Okla. Bank Says Software Lets It Keep Less Cash on Hand

Bank of Oklahoma is making idle cash more productive.

The bank said it has lowered excess cash inventories at its branches by 24% with software from Carreker-Antinori Inc.

The software is aimed at improving a situation that has become pronounced since 1995, when the Federal Reserve allowed banks to sweep checking account balances into accounts that have no reserve balance requirements.

The Fed's private-letter ruling let banks lower their required reserve account balances.

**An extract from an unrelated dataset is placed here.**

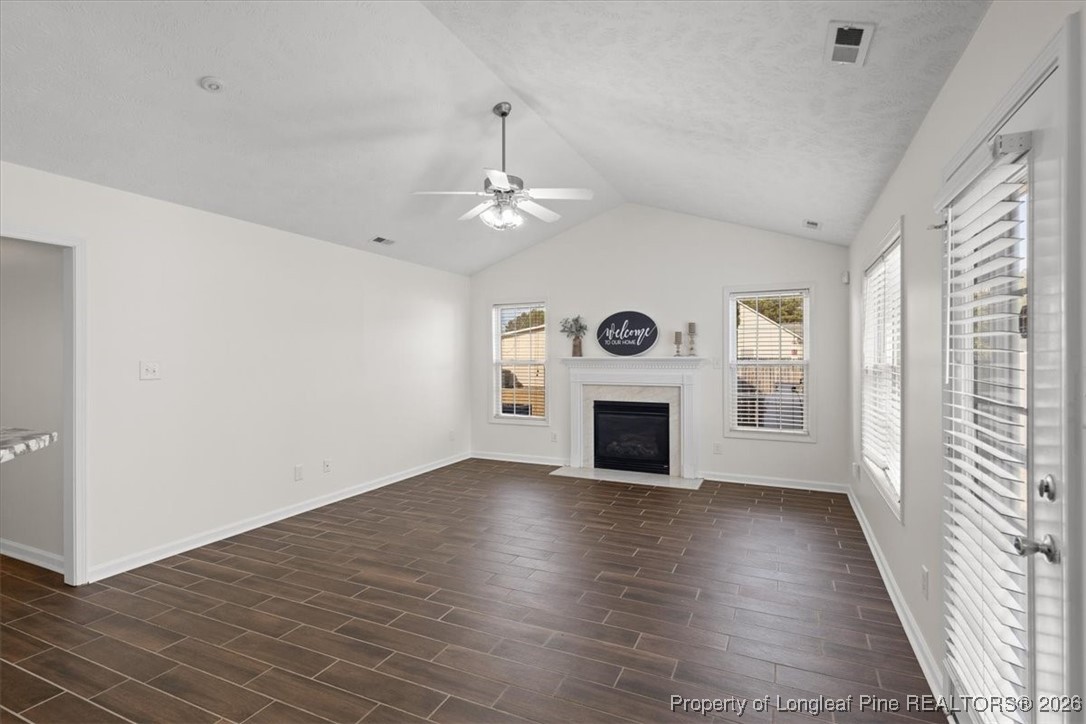 6649 Hillbrook Road Hope Mills, NC 28348 - Photo 10 of 37 an empty room with windows and fireplace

The problem: the surplus cash inventories become noninterest-earning assets-unless the bank is very skilled at inventory management.

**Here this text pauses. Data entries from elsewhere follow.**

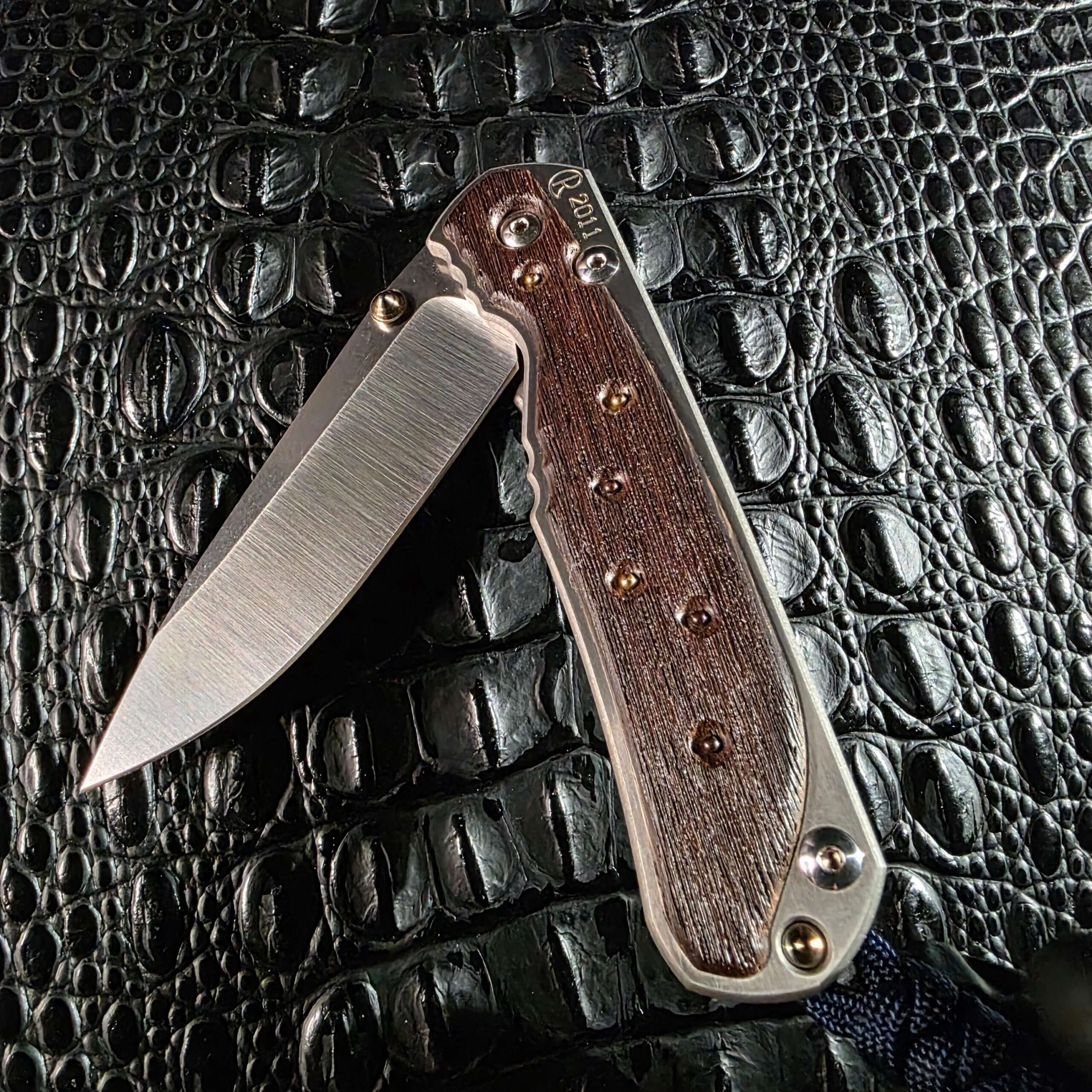 Chris Reeve Large Sebenza 2011 Edition partially open showing the pivot and lock face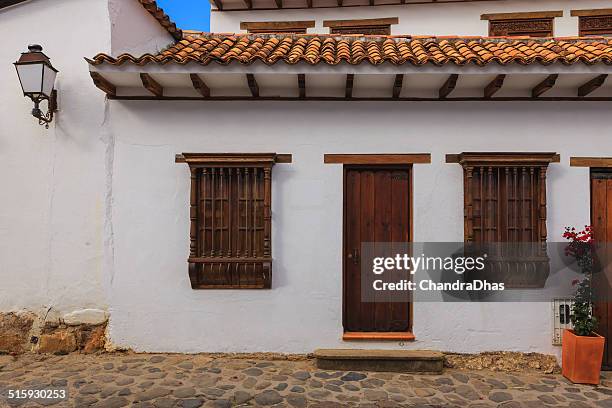 villa de leyva, colombia - colonial architecture: door and windows - spanish-colonial-architecture stock pictures, royalty-free photos & images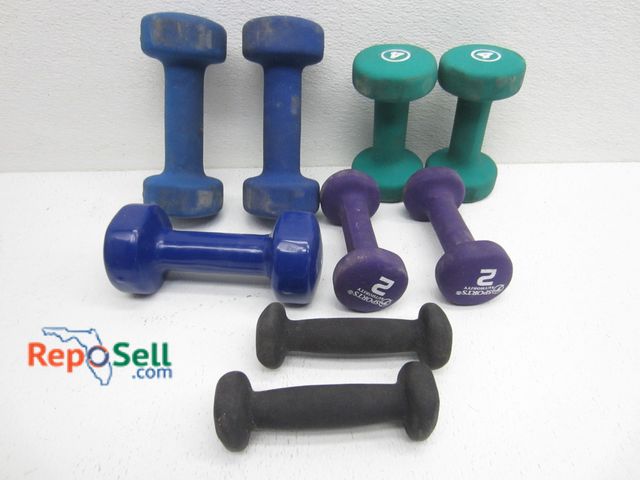 Lot 31-1116 - Four pairs of dumbbells, including 1 lb, 2 lb, 4 lb, and 5 lb, plus one extra 5 lb dumbbell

"Every dollar above your reserve requirement is dead; it is earning you zero interest," said Eric Ellefson, a managing principal at Carreker- Antinori of Dallas.

The consulting and software company has sold its liquidity management system to 12 banks besides BOK Financial Corp. in the last two years, including Fleet Financial Group and Michigan National Corp. The company claims it has reduced cash inventories among those 13 banks by $500 million.

Bank of Oklahoma, with $5.7 billion of assets and 73 branches in three states, uses Carreker-Antinori's software to determine which reservable checking accounts can be legally reclassified as nonreservable. With lower reserve requirements, the bank then turned its attention to lowering its cash inventory.

The Tulsa-based bank got "creative within the regulatory guidelines," to "lower our reserve requirements," said Paul Elvir, executive vice president at Bank of Oklahoma.

The bank uses Carreker's Cash Tracker, a data-mining program that tracks cash demands for individual branches and ATMs on any given day.

It also uses Cash Forecaster, which tracks expected cash demands using artificial intelligence. Combined, the programs let banks automate cash inventory management from a central location, Mr. Ellefson said. He said banks typically allowed individual branches to make those decisions.

"The difficulty is that you do not know who is doing well or poorly because you do not have any information reporting to help you understand those things," Mr. Ellefson said.

Anthony Carfang, a partner at Treasury Strategies Inc., a Chicago consulting firm, said part of Carreker-Antinori's software involves "balance-sheet tricks" that most larger banks use to lower reserve requirements.

Mr. Carfang said pending legislation sponsored by Rep. Jack Metcalf, R- Wash., would instruct the Fed to pay banks interest on reserve account balances and business checking accounts.

The bill, which has been passed by both the Senate and House Banking committees, could entice banks to increase their reserve account funding, lessening the need for a portion of what Carreker-Antinori's software does.

However, if the proposal becomes law, Mr. Carfang said, it would not apply to cash.

"It makes holding cash all the more expensive for a bank," he said. "That should continue to be a good business for Carreker."